Task requirements: Using the records below, transcribe word for word the stretch from the line that contains "Chinese Traditional Tai" through the line that contains "Pasek + etui", both end lines included, and nothing else.

Data extract:
Content starts
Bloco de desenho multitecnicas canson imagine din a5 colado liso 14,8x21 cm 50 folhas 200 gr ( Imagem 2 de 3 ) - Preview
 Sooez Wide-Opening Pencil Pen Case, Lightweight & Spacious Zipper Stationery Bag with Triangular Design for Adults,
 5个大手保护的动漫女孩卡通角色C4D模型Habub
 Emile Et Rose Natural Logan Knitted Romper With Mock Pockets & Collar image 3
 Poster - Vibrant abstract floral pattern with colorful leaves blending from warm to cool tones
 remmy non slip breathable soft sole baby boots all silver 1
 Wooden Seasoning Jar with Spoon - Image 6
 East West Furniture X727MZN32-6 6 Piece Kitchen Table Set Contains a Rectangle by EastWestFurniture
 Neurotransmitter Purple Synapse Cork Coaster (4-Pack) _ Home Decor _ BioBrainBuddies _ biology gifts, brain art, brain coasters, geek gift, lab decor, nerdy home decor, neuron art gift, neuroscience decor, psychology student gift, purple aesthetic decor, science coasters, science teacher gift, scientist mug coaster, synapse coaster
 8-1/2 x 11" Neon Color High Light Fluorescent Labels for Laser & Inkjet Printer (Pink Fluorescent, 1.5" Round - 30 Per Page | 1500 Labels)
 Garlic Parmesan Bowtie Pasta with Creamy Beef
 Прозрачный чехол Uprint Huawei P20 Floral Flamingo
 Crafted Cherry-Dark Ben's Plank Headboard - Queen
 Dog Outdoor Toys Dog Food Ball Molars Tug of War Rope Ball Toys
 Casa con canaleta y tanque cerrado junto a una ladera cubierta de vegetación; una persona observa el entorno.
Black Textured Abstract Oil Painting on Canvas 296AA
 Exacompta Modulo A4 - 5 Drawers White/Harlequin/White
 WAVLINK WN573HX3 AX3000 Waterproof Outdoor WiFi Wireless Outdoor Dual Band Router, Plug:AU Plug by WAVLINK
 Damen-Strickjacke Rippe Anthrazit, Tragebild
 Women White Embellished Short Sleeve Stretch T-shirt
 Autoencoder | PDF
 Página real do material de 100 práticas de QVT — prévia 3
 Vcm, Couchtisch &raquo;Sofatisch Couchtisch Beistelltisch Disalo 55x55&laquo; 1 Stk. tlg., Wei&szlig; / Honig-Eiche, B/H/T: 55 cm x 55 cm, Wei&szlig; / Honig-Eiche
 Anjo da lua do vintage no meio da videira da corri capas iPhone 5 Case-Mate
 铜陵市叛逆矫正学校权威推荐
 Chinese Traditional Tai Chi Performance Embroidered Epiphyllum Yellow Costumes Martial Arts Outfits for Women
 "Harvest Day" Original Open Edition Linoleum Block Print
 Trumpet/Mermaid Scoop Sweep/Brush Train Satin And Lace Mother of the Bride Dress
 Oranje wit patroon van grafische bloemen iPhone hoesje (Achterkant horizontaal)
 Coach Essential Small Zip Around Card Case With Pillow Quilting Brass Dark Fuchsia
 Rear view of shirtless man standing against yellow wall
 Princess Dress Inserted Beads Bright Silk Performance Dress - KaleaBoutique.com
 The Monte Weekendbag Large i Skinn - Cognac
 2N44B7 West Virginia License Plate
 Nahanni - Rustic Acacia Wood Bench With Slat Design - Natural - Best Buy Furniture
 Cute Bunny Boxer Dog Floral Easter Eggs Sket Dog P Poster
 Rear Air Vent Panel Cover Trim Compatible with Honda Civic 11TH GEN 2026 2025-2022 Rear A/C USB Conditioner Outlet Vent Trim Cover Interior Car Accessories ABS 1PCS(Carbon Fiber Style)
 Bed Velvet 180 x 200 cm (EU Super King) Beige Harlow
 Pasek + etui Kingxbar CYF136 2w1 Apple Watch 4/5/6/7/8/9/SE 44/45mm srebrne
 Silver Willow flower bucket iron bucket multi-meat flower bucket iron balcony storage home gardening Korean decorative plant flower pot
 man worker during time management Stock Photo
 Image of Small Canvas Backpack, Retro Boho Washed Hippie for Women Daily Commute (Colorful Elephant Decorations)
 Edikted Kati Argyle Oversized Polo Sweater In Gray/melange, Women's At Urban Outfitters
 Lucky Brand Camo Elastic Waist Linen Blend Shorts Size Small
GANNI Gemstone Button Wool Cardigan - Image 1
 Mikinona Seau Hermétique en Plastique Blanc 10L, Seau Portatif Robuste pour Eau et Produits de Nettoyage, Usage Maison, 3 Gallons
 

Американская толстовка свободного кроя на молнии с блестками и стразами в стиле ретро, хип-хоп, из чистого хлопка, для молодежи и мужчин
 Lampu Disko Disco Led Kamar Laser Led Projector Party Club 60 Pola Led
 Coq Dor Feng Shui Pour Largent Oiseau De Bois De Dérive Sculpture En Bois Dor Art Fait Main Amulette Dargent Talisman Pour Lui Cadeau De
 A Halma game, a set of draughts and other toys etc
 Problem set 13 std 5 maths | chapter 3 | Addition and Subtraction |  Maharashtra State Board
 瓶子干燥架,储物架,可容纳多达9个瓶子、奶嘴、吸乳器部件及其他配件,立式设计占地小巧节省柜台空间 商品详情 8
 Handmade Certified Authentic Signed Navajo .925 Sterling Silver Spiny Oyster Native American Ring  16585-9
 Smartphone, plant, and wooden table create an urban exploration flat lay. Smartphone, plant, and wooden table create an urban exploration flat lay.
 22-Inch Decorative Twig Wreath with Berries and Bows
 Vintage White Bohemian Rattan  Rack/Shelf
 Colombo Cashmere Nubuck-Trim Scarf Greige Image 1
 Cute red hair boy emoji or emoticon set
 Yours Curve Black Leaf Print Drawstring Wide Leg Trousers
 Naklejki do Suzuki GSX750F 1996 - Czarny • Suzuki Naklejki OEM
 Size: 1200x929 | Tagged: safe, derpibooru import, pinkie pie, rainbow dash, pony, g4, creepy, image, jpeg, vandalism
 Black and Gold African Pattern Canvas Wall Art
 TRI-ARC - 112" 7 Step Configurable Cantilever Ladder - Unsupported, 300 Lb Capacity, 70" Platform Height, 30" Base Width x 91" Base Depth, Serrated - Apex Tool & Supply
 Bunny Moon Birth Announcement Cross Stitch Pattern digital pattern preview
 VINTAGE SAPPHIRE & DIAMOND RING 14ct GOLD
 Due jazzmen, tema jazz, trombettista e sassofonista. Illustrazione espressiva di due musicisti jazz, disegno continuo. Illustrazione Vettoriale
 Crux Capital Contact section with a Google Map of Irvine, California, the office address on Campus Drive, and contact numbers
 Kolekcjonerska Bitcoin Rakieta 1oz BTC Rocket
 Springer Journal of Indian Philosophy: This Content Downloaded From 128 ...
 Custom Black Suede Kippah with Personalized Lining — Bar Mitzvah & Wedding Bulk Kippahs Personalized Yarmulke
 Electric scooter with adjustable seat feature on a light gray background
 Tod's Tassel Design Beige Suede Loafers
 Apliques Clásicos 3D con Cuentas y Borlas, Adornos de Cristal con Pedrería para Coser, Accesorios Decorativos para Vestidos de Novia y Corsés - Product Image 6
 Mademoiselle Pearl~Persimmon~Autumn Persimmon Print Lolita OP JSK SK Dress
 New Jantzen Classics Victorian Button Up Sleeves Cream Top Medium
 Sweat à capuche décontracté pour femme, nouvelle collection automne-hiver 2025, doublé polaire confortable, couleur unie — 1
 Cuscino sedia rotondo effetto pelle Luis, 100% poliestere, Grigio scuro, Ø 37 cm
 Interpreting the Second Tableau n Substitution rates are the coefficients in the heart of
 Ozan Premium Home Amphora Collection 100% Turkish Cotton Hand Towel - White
Content ends
Reply:
 Chinese Traditional Tai Chi Performance Embroidered Epiphyllum Yellow Costumes Martial Arts Outfits for Women
 "Harvest Day" Original Open Edition Linoleum Block Print
 Trumpet/Mermaid Scoop Sweep/Brush Train Satin And Lace Mother of the Bride Dress
 Oranje wit patroon van grafische bloemen iPhone hoesje (Achterkant horizontaal)
 Coach Essential Small Zip Around Card Case With Pillow Quilting Brass Dark Fuchsia
 Rear view of shirtless man standing against yellow wall
 Princess Dress Inserted Beads Bright Silk Performance Dress - KaleaBoutique.com
 The Monte Weekendbag Large i Skinn - Cognac
 2N44B7 West Virginia License Plate
 Nahanni - Rustic Acacia Wood Bench With Slat Design - Natural - Best Buy Furniture
 Cute Bunny Boxer Dog Floral Easter Eggs Sket Dog P Poster
 Rear Air Vent Panel Cover Trim Compatible with Honda Civic 11TH GEN 2026 2025-2022 Rear A/C USB Conditioner Outlet Vent Trim Cover Interior Car Accessories ABS 1PCS(Carbon Fiber Style)
 Bed Velvet 180 x 200 cm (EU Super King) Beige Harlow
 Pasek + etui Kingxbar CYF136 2w1 Apple Watch 4/5/6/7/8/9/SE 44/45mm srebrne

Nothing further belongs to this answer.